Dataset content:
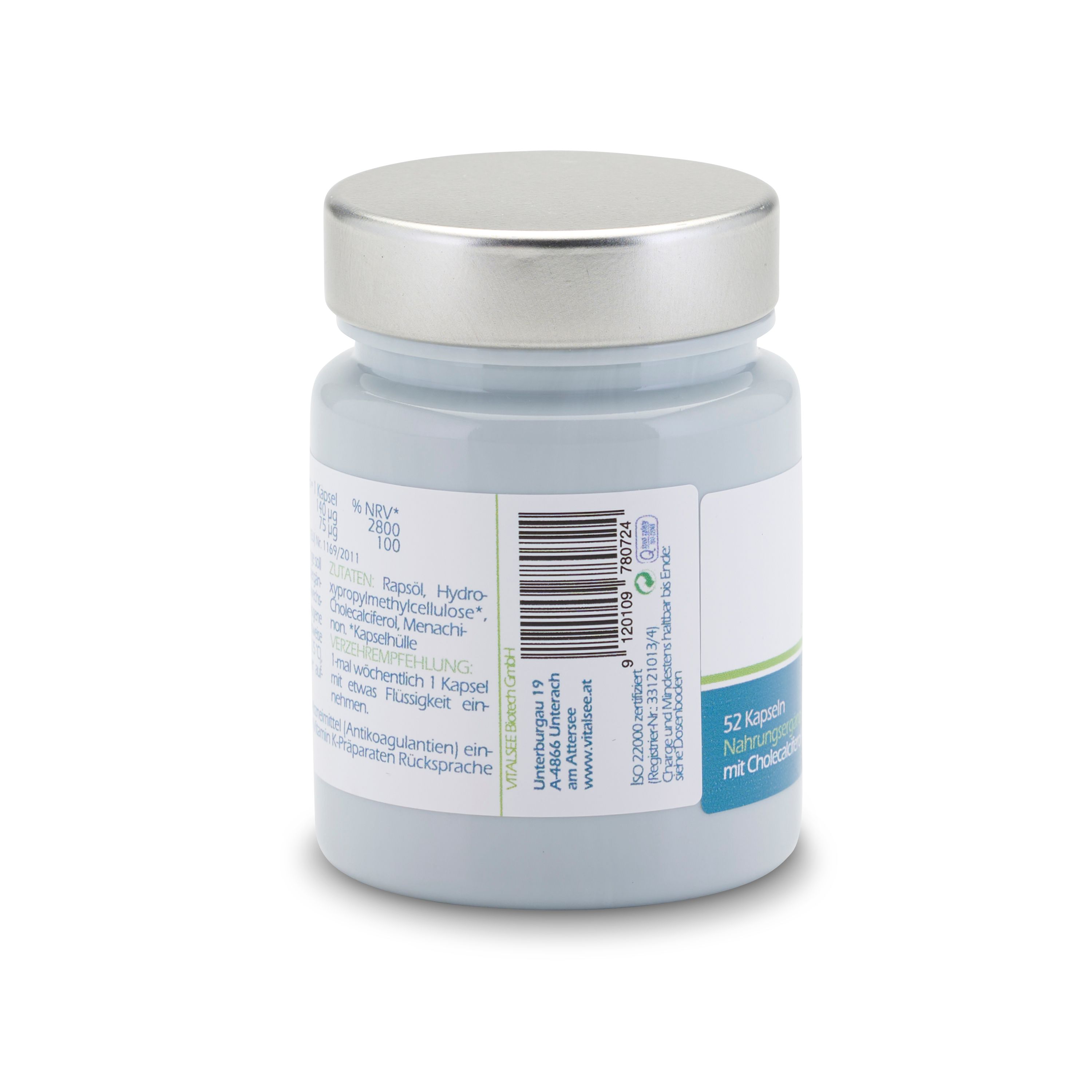 Rückansicht der grauen Flasche mit silbernem Deckel. Etikett mit Text und Barcode.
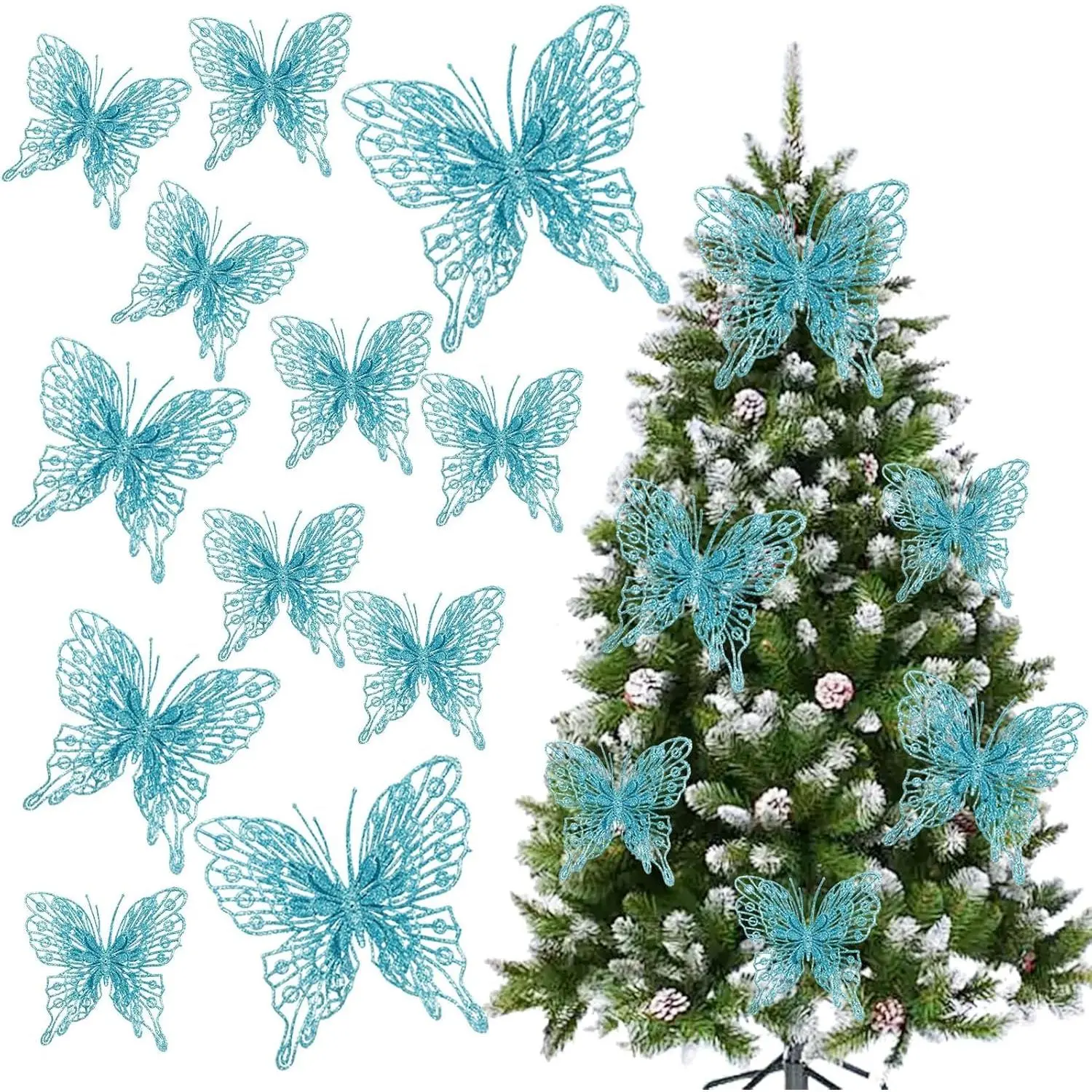 Blue Christmas Tree Butterfly Ornaments Glitter Butterfly Decorations Artificial Butterflies with Clip & Stem for Xmas Party Wreath Garland Decor - 12-Pack 5inch  Hollow Butterflies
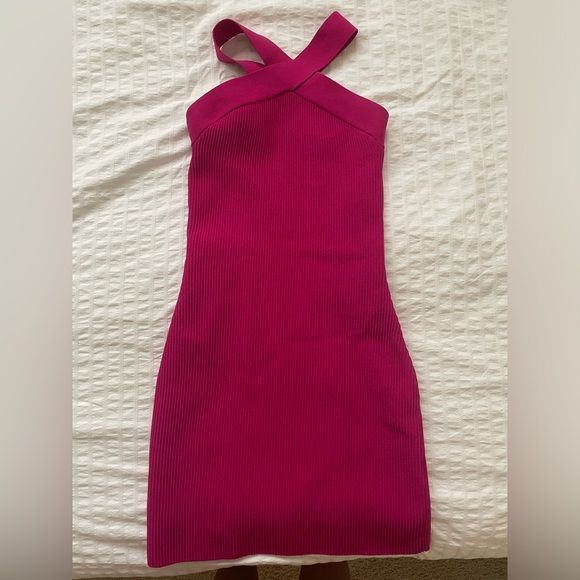 Aritzia Babaton Cross Neck Halter Contour Bandage Mini Dress - Picture 2 of 4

Aim of the task: In your answer, copy exactly the lines running from the line with "Blue Christmas Tree" to the end of the material above, both included, and omit all pictures.

Your solution:
 Blue Christmas Tree Butterfly Ornaments Glitter Butterfly Decorations Artificial Butterflies with Clip & Stem for Xmas Party Wreath Garland Decor - 12-Pack 5inch  Hollow Butterflies
 Aritzia Babaton Cross Neck Halter Contour Bandage Mini Dress - Picture 2 of 4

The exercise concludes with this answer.